DESCRIPTION OF THE TASK:
The records below hold a stretch from the line with "otizmli-ressam-alp-eren-candanin-resim-sergisi" through the line with "Building Photo - 11829 Cottontail Dr"; return exactly those lines, ends included, and nothing more.

[Stored items]
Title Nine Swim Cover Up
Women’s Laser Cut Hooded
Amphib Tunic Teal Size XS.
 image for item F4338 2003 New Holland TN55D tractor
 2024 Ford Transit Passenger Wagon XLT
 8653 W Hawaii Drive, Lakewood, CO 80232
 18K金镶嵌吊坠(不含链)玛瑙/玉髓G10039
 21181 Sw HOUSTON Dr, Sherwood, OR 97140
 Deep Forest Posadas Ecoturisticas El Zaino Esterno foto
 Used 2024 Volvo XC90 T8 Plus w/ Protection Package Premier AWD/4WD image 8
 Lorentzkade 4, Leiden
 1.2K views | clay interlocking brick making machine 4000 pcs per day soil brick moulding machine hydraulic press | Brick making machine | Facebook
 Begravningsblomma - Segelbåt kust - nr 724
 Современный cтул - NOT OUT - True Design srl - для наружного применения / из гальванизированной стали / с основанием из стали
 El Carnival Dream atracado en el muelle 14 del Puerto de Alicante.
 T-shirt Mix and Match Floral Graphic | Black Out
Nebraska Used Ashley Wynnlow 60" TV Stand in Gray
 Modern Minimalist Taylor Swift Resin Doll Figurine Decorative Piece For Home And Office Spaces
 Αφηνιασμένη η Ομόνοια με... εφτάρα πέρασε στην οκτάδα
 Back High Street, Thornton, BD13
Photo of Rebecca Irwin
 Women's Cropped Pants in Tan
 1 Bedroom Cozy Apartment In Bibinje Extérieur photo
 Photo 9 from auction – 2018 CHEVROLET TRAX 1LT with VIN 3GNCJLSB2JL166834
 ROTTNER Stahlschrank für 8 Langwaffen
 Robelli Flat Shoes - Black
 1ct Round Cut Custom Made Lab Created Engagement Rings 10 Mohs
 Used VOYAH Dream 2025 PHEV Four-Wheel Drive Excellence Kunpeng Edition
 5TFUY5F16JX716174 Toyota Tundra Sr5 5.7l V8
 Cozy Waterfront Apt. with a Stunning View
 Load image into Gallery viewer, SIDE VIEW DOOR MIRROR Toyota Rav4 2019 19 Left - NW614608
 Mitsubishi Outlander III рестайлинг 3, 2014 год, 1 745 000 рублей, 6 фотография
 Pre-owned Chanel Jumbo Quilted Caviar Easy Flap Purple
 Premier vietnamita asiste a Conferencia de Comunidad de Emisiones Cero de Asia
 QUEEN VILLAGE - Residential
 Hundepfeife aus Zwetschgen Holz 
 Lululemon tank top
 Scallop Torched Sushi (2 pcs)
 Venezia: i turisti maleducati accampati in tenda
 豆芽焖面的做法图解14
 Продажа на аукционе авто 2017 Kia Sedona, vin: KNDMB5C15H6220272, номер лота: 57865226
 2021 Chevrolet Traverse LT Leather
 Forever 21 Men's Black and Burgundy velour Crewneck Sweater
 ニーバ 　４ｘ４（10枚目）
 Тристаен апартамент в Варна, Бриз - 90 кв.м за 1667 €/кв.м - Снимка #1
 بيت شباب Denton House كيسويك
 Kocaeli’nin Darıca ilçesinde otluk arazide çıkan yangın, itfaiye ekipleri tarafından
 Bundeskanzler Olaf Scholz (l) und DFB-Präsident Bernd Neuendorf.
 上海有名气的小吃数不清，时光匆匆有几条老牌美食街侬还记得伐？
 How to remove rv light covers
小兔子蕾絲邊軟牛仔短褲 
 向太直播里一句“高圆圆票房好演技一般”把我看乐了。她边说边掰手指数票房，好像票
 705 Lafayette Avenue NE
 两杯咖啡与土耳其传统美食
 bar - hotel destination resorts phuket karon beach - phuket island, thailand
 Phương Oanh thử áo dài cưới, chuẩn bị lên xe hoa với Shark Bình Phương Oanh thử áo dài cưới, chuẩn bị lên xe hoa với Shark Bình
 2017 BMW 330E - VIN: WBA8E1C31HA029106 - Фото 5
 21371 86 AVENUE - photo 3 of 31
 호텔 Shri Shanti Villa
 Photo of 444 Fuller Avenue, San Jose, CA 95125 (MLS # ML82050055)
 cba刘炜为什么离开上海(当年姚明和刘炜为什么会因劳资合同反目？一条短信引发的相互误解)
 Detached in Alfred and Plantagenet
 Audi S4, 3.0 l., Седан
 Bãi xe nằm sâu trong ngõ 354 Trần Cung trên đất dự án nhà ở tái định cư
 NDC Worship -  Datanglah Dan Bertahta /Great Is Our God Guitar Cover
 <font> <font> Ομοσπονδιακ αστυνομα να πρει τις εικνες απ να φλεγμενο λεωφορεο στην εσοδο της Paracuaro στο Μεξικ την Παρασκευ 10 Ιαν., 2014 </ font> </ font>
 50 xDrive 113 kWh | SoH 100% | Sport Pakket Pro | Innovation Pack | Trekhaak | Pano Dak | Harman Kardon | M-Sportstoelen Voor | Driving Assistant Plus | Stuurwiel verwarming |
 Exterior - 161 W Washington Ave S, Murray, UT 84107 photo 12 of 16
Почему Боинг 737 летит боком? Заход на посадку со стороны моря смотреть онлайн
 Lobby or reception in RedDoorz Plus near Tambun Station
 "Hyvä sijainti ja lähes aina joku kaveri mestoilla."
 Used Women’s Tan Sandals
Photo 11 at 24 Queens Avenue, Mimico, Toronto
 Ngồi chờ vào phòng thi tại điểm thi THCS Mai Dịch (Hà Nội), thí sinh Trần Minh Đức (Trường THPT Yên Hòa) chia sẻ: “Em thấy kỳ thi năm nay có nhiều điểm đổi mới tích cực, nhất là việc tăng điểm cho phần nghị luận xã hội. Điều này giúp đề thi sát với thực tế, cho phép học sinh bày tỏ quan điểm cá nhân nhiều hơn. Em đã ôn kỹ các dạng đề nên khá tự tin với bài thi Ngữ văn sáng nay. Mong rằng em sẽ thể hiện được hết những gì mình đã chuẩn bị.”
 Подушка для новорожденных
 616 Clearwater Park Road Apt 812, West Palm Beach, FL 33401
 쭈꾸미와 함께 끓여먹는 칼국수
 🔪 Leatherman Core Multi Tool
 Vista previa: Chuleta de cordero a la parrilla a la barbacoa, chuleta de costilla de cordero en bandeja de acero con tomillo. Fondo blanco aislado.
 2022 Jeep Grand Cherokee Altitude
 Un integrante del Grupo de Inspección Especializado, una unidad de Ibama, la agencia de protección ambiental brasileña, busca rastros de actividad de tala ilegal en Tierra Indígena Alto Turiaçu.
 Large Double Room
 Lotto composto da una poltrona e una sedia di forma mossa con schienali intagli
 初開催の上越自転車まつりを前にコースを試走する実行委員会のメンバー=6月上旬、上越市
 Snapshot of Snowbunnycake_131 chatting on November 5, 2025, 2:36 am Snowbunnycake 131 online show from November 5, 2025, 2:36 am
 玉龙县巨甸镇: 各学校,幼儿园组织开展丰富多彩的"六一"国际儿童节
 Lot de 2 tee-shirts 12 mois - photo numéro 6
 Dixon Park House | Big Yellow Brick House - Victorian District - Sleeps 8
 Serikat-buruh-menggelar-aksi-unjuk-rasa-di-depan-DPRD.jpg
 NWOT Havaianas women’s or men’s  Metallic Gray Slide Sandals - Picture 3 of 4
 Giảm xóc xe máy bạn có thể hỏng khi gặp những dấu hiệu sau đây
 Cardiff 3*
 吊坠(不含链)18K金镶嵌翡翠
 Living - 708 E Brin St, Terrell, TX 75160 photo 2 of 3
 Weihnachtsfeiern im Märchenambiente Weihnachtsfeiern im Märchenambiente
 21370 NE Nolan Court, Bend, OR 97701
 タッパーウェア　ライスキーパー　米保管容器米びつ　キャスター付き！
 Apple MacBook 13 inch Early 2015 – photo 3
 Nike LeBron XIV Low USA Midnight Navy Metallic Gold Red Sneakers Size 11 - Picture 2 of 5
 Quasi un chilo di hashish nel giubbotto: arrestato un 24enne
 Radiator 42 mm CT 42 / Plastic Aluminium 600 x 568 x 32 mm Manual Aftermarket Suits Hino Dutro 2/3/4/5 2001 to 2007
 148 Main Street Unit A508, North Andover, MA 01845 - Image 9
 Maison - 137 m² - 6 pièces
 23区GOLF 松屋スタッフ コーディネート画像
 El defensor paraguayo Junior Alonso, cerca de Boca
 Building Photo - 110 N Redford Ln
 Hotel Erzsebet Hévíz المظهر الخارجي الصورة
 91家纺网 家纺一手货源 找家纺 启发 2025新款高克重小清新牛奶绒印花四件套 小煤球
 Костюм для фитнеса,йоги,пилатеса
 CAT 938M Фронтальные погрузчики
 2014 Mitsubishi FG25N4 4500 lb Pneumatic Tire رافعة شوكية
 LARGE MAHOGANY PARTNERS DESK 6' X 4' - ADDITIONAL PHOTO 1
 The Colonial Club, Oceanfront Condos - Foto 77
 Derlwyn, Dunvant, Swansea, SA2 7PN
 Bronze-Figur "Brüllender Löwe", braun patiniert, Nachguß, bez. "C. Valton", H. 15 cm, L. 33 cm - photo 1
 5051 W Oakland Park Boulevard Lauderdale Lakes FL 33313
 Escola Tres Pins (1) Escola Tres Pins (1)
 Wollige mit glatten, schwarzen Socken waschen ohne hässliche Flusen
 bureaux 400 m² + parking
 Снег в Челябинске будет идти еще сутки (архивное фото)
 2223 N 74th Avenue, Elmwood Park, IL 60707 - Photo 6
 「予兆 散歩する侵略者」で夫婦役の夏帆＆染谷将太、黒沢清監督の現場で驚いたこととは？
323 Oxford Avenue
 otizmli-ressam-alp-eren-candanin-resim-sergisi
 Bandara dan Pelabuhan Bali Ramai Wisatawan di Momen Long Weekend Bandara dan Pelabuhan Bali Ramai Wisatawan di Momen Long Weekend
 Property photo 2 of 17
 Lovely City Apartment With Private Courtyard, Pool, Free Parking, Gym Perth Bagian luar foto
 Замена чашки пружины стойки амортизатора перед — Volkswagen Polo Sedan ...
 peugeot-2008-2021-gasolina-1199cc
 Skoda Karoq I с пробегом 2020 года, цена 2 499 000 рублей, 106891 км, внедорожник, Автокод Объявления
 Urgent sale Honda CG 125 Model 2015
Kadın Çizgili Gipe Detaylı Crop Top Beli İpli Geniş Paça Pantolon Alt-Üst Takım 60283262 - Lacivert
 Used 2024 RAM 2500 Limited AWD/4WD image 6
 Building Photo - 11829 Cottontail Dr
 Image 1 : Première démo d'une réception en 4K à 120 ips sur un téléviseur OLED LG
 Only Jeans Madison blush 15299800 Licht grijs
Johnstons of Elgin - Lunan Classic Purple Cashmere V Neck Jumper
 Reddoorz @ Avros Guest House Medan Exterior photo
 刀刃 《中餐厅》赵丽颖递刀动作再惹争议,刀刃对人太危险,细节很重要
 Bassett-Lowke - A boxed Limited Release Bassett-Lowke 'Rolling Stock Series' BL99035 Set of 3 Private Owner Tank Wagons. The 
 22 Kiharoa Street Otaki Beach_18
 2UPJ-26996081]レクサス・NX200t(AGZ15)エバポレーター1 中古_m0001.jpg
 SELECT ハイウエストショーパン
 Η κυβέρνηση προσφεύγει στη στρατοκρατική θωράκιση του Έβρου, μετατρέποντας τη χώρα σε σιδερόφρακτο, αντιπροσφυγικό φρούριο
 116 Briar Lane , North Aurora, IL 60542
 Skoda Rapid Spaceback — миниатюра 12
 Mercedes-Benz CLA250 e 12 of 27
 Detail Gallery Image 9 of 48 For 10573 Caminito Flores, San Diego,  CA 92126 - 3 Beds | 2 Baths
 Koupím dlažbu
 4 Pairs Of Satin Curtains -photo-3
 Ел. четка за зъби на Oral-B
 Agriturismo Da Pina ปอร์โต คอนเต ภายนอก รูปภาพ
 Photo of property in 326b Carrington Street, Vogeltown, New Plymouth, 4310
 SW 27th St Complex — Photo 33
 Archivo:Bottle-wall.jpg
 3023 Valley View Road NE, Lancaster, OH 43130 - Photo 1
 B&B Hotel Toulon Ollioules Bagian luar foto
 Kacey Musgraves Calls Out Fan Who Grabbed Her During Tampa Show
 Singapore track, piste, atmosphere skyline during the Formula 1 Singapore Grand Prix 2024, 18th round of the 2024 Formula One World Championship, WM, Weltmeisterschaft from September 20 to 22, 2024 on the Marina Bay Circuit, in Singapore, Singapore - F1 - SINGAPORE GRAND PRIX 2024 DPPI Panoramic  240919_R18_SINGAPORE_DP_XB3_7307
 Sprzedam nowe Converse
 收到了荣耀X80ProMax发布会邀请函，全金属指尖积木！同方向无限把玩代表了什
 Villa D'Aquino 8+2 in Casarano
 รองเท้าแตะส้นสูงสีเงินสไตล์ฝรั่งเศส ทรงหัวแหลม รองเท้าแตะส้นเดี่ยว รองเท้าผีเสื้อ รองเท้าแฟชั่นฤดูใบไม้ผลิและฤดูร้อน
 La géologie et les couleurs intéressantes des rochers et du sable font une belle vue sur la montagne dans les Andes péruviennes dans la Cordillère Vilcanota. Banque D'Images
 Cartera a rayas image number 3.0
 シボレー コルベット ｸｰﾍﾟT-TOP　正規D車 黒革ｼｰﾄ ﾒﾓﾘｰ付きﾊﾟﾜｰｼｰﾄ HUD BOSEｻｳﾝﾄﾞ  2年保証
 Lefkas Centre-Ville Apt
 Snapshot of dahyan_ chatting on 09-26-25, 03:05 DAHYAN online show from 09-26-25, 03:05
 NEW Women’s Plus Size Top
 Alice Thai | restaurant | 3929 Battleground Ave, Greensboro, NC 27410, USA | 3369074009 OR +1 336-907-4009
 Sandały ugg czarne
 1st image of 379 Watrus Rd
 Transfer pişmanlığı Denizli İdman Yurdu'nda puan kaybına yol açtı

OUTPUT FOR THIS EXERCISE:
 otizmli-ressam-alp-eren-candanin-resim-sergisi
 Bandara dan Pelabuhan Bali Ramai Wisatawan di Momen Long Weekend Bandara dan Pelabuhan Bali Ramai Wisatawan di Momen Long Weekend
 Property photo 2 of 17
 Lovely City Apartment With Private Courtyard, Pool, Free Parking, Gym Perth Bagian luar foto
 Замена чашки пружины стойки амортизатора перед — Volkswagen Polo Sedan ...
 peugeot-2008-2021-gasolina-1199cc
 Skoda Karoq I с пробегом 2020 года, цена 2 499 000 рублей, 106891 км, внедорожник, Автокод Объявления
 Urgent sale Honda CG 125 Model 2015
Kadın Çizgili Gipe Detaylı Crop Top Beli İpli Geniş Paça Pantolon Alt-Üst Takım 60283262 - Lacivert
 Used 2024 RAM 2500 Limited AWD/4WD image 6
 Building Photo - 11829 Cottontail Dr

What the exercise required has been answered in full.